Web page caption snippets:
===
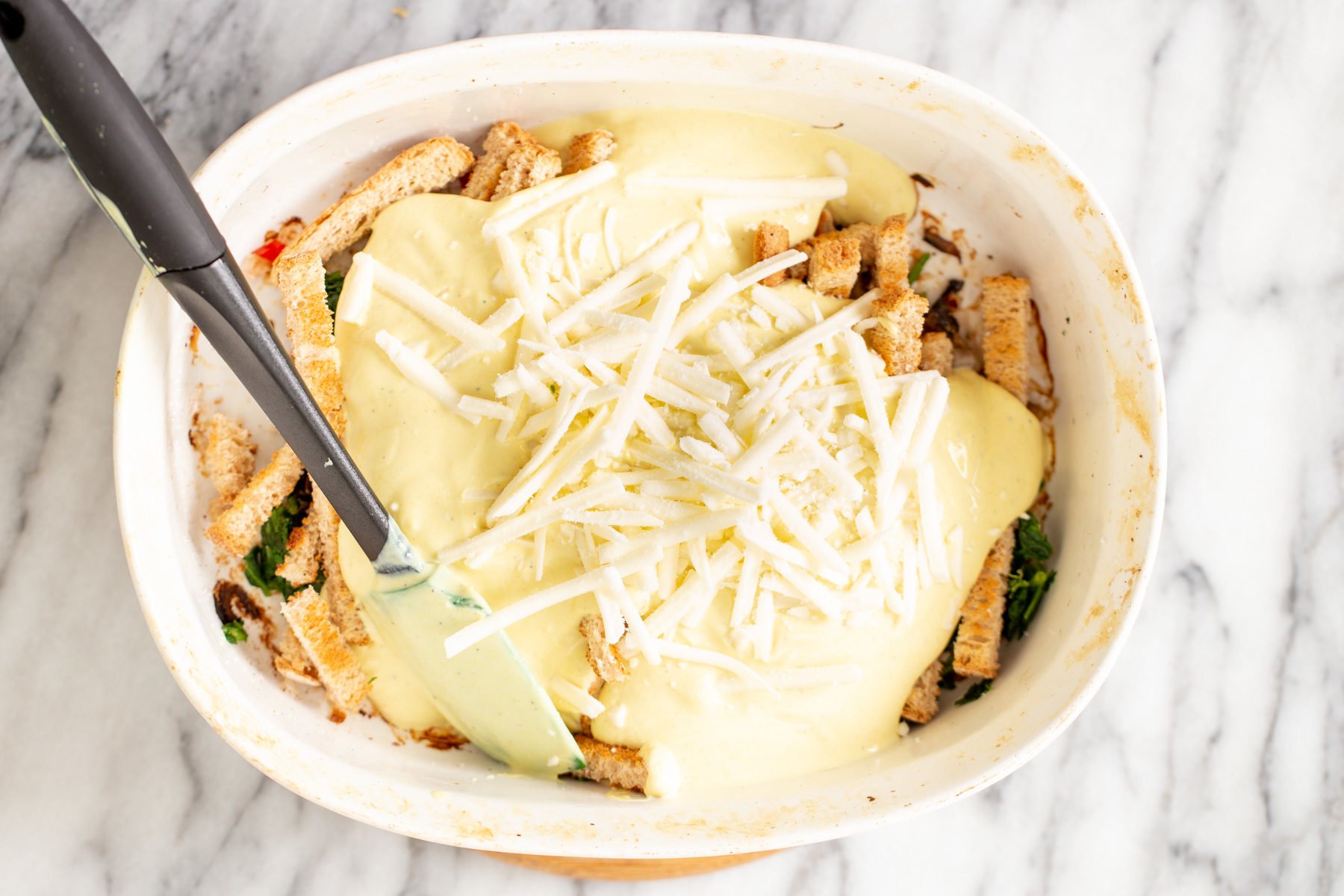 vegan breakfast casserole vegan cheese shreds being sprinkled on top of vegan breakfast casserole
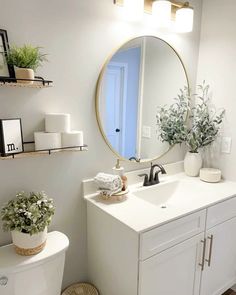 a white bathroom with a round mirror above the sink and shelves on the wall next to the toilet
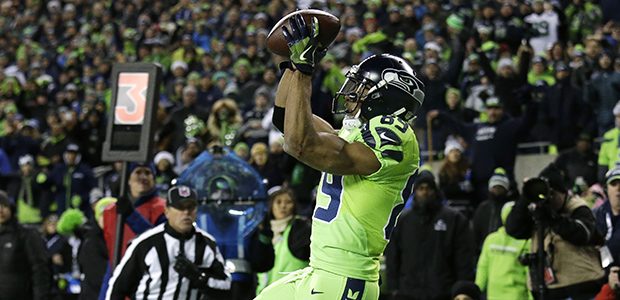 Seattle Seahawks wide receiver Doug Baldwin catches a pass in the end zone for a touchdown against ...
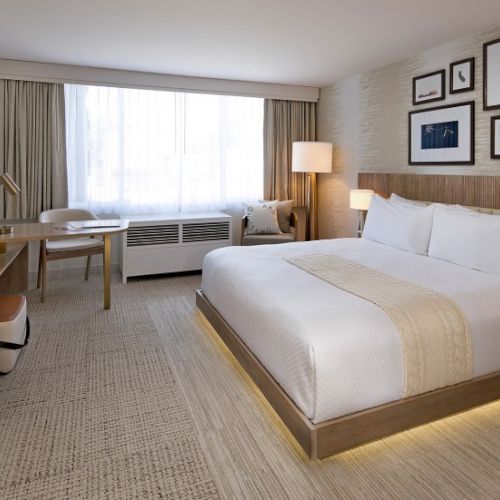 A bright hotel room with a large bed, neutral tones, a desk, seating area by the window, and framed art above the headboard end the sentence.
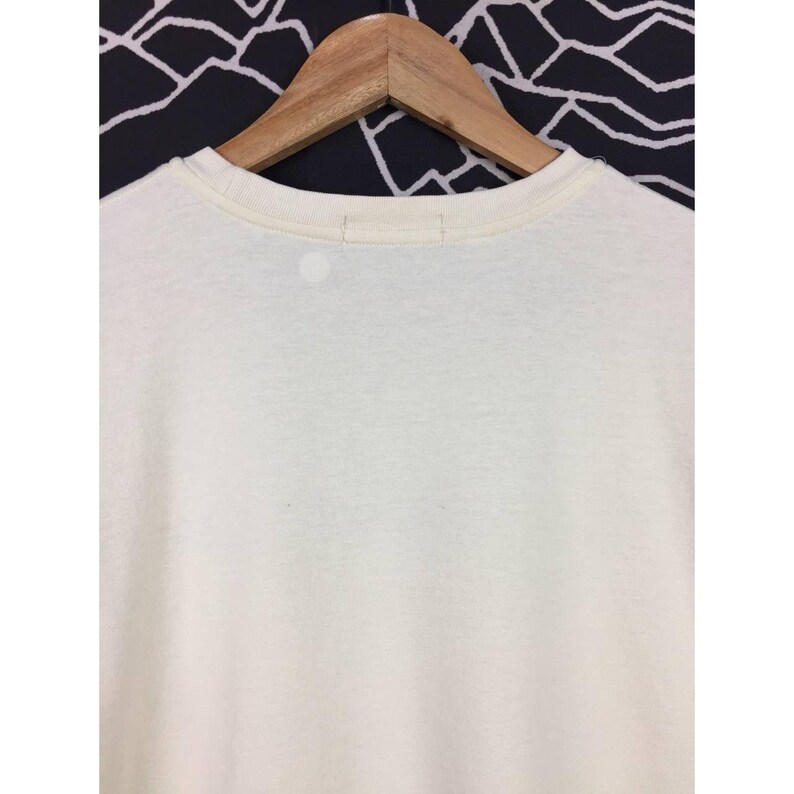 Op de afbeelding: Cr&egrave;mekleurig T-shirt aan een houten hanger. Het shirt heeft een ronde hals en een eenvoudig, minimalistisch ontwerp. De achtergrond is een zwart-wit geometrisch patroon.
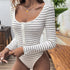  A woman wearing the striped bodysuit with jeans, highlighting the ribbed texture and button details.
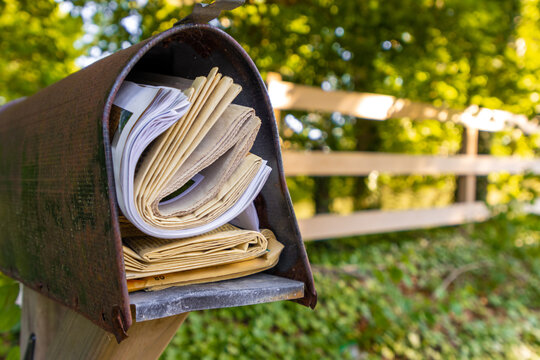 Newspapers Stuffed Into Mailbox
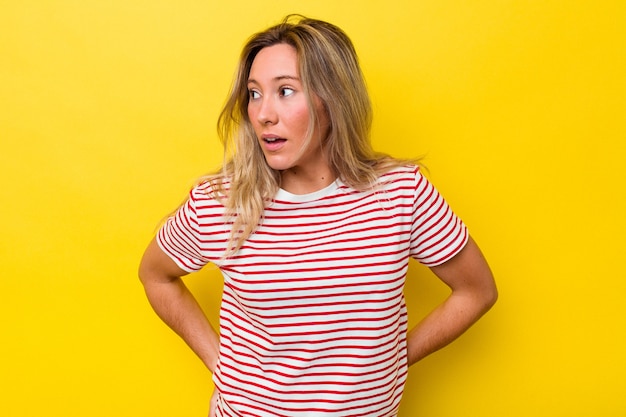 Young australian woman isolated looks aside smiling, cheerful and pleasant.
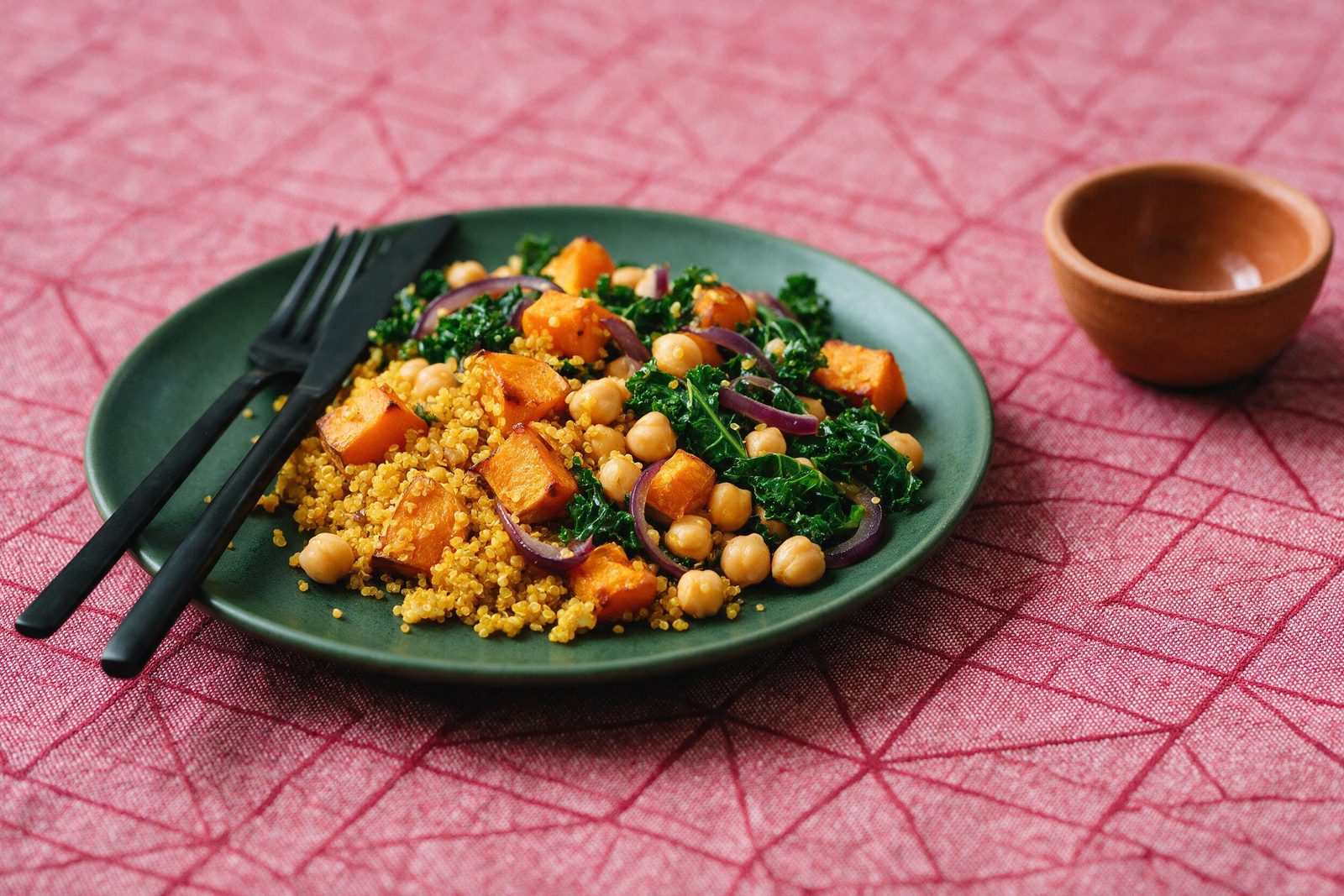 Prato verde com quinoa, abóbora assada, grão-de-bico e couve refogada sobre toalha rosa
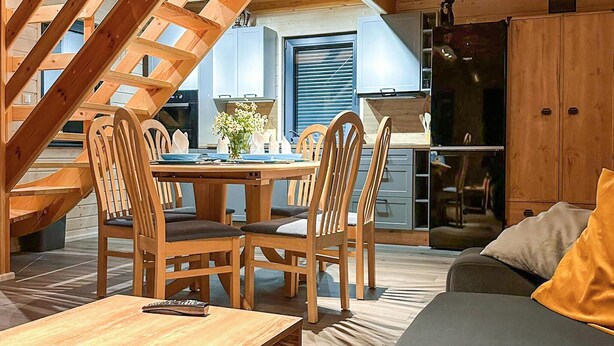 A cozy wooden interior with a dining table set for four, surrounded by wooden chairs. A sofa and a small table with a remote control are visible. - Stunning home in Jaromierz with sauna (Jaromierz)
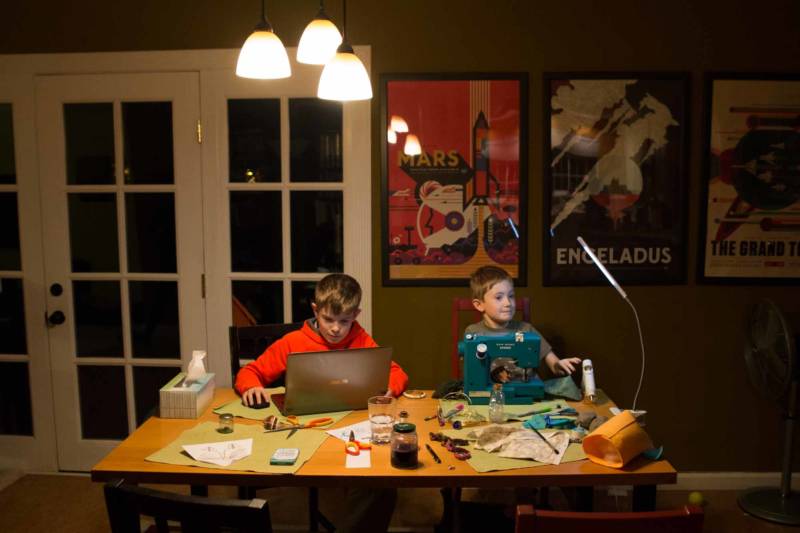 Ryan and Nicolas Halstead work on their homework after school in Napa, CA. Ryan is sewing, while his brother is learning to code.
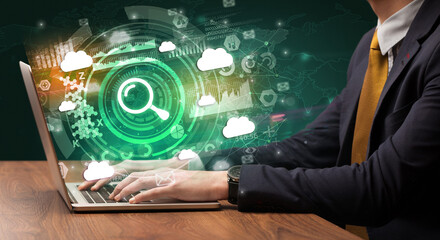 Business hand typing on a modern laptop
===
## What you should do
Retype every entry above exactly and, please, skip the pictures.

## Finished task
 vegan breakfast casserole vegan cheese shreds being sprinkled on top of vegan breakfast casserole
 a white bathroom with a round mirror above the sink and shelves on the wall next to the toilet
 Seattle Seahawks wide receiver Doug Baldwin catches a pass in the end zone for a touchdown against ...
 A bright hotel room with a large bed, neutral tones, a desk, seating area by the window, and framed art above the headboard end the sentence.
 Op de afbeelding: Cr&egrave;mekleurig T-shirt aan een houten hanger. Het shirt heeft een ronde hals en een eenvoudig, minimalistisch ontwerp. De achtergrond is een zwart-wit geometrisch patroon.
  A woman wearing the striped bodysuit with jeans, highlighting the ribbed texture and button details.
 Newspapers Stuffed Into Mailbox
 Young australian woman isolated looks aside smiling, cheerful and pleasant.
 Prato verde com quinoa, abóbora assada, grão-de-bico e couve refogada sobre toalha rosa
 A cozy wooden interior with a dining table set for four, surrounded by wooden chairs. A sofa and a small table with a remote control are visible. - Stunning home in Jaromierz with sauna (Jaromierz)
 Ryan and Nicolas Halstead work on their homework after school in Napa, CA. Ryan is sewing, while his brother is learning to code.
 Business hand typing on a modern laptop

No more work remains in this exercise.